Venetians and Genoese are mentioned often in history books as they played an important part in Istanbul’s daily life. Genoese Republic was a city-state in Italy and they were famous for their skilled sailors. (For example Christopher Columbus) The Genoese took a number of major ports under control in the Mediterranean Sea and they founded permenant trade colonies at these ports.
Constantinople was a port where silky fabrics (from China) and spices (from India) were collected and naturally the city drew the attention of the Genoese. Therefore, they began to settle in Istanbul during the Byzantine Empire and they settled in the area known as Galata today.
Istanbul Historic Peninsula was an area where the citizens, mostly Orthodox Christians, in the Byzantine Empire lived. Karakoy-Galata areas that are on the other side of the Golden Horn were populated by the Venetians and the Genoese sailors and tradesmen who were Catholics.
The fact that the Latin colonies faced no problem adapting to the life in this foreign country is the proof that Istanbul was such a rich port city during those times.
The Genoese, the competitors of the Venetian, lost favor after the Latin Invasion of Constantinople (1204) because they helped the Crusaders who occupied the city.

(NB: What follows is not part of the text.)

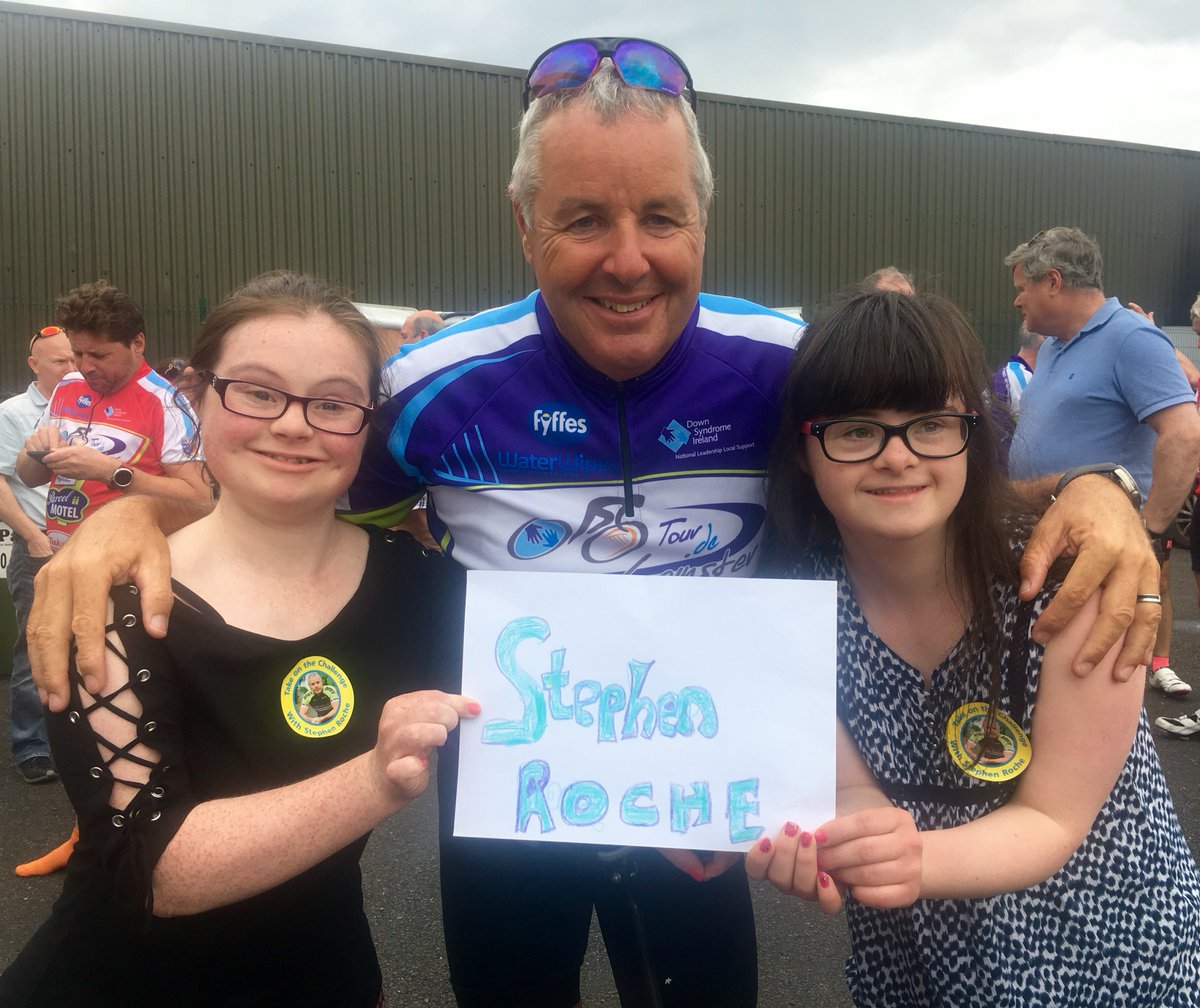 Our <a href="/TourdeLeinster/">Tour de Leinster</a> crew will have cycled 106km when they reach St Aidan's Day Care Service in #Gorey tomoro at 4!Come out &amp; welcome them!🚴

On the other hand, the Genoese, who helped the Byzantines to take the city back, were rewarded by the Byzantine Empire. They were given vast lands at Pera which is known as “Beyoglu” today.
The Genoese played a big part in rebuilding the city that was ruined during the Sack of Constantinople (1204). They especially took the initiative in building a lot of fortresses and some other buildings.
Naturally, Galata Tower is the most important structure that still stands since those days. Additionally, Yoros Castle is another example for such buildings. This structure is in Anadolu Kavagi where the Bosphorus Cruise Ferry stops over.
The trade colonies were so functional in export that the system didn’t change even after the Ottoman conquest of the city. The capitulations granted by Mehmed the Conqueror was nothing but commercial privileges provided for these colonies.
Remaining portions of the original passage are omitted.